An RFC is not a simple thing, nor is it to be entered into lightly. It *can* be used to defer taxes on profits, but should be dealt with as that. It is not a tax dodge.

Once again, consult with an experienced CPA and an attorney before taking this on.


The NIADA analytics for 2015 had some interesting statistics.

By and large, BHPH dealers are spending more on cars, and getting less down. A quick comparison to just 4 years ago(2012) shows that the average BHPH unit cost is up almost $1400. At the same time, the average down payment is down by about $125.

The good news is that average percent of accounts past due from 2012 to 2015 slipped from 28.6% to 17.6%, a significant drop of eleven percent.
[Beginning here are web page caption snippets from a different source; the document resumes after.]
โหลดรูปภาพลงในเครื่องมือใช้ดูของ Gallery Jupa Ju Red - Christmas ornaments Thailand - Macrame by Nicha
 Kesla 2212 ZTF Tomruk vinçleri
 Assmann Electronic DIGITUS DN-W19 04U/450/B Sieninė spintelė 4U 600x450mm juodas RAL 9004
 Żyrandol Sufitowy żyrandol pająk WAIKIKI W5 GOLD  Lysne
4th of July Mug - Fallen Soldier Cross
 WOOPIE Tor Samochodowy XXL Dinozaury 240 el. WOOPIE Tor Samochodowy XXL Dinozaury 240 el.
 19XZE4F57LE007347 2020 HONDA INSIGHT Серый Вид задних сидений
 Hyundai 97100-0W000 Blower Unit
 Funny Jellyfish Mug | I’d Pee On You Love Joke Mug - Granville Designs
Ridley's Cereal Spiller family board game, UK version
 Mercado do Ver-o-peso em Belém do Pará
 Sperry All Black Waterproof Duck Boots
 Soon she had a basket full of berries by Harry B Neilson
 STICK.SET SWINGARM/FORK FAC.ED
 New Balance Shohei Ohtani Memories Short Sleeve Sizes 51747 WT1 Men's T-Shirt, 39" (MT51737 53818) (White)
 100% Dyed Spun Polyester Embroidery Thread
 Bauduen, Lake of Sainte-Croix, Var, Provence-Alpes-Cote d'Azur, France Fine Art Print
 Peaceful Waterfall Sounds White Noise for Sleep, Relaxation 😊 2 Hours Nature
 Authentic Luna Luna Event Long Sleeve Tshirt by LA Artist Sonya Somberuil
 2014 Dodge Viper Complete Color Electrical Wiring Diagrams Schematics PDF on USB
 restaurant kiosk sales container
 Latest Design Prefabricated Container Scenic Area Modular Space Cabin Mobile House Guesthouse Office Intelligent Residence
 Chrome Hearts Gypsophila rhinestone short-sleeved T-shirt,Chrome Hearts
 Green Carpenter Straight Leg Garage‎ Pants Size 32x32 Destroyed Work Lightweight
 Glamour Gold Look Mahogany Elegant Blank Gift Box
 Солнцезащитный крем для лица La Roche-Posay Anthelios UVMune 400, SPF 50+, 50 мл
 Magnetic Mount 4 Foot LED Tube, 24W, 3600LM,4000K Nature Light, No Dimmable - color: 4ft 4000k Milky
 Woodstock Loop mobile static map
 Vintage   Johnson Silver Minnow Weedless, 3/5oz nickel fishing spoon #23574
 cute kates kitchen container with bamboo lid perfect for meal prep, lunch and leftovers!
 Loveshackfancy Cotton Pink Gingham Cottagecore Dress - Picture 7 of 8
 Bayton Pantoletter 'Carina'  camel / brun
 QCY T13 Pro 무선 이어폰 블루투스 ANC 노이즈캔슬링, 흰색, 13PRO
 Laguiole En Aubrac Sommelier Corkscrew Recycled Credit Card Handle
However, reflecting the higher costs as mentioned above, the average charge off per vehicle is up by $800. Bad debt as a percentage of sales climbed from 18% in that timeline to 25%.

Here’s the meat of this matter: Even though there are less past due accounts, dealers have higher bad debt ratios. This could simply mean that you are repossessing or managing the receivables more.

Are you in the Sub-prime business? Most say yes, but analyze your average credit score. Experian Scorex puts sub-prime at credit scores between 550-619. Anything below 550 is considered Deep Subprime.

What “business” you are in should be a determining factor as to how you manage it.

The deeper into subprime you get, the worse your collections will be. This is just simply the nature of it. People don’t have poor credit because they pay on time. Understanding and accepting this is part of the deal. The trick is how to work with them.

We said it before, you can’t just look at the score, you have to look at what makes up the score.

I’ve heard so many dealers complain bitterly about 50-60% collection ratios, but the same dealers are the ones with “Everybody Rides” posted out front in huge letters. I’m not saying you can’t have expectations, but again, you have to temper the expectations based on the customer.

I am a firm believer in working with people instead of screaming at them or threatening them.  If you tell them a car is going to cost $500 a month, and they hesitate, then take that as a cue to ask more questions. Ask yourself, can I accept $425 for 42 months instead of $500 for 36 months?

Point is, find out what works for the people you have chosen to do business with. Ask. Large companies spend huge amounts of money targeting their bases. They take the demographics and desires, and retool advertising and stock to meet the needs and wants of the chosen base. There are so many BHPH dealers out there who simply stumble on the business, but make no real effort to determine what business they are in. This is a major reason why so many BHPH lots are here today and gone tomorrow.

If you realize you are in the wrong business, then it’s worth a little money to remake that business into the niche you want it to be, because you will profit rather than spend a few years losing money until you are bankrupt.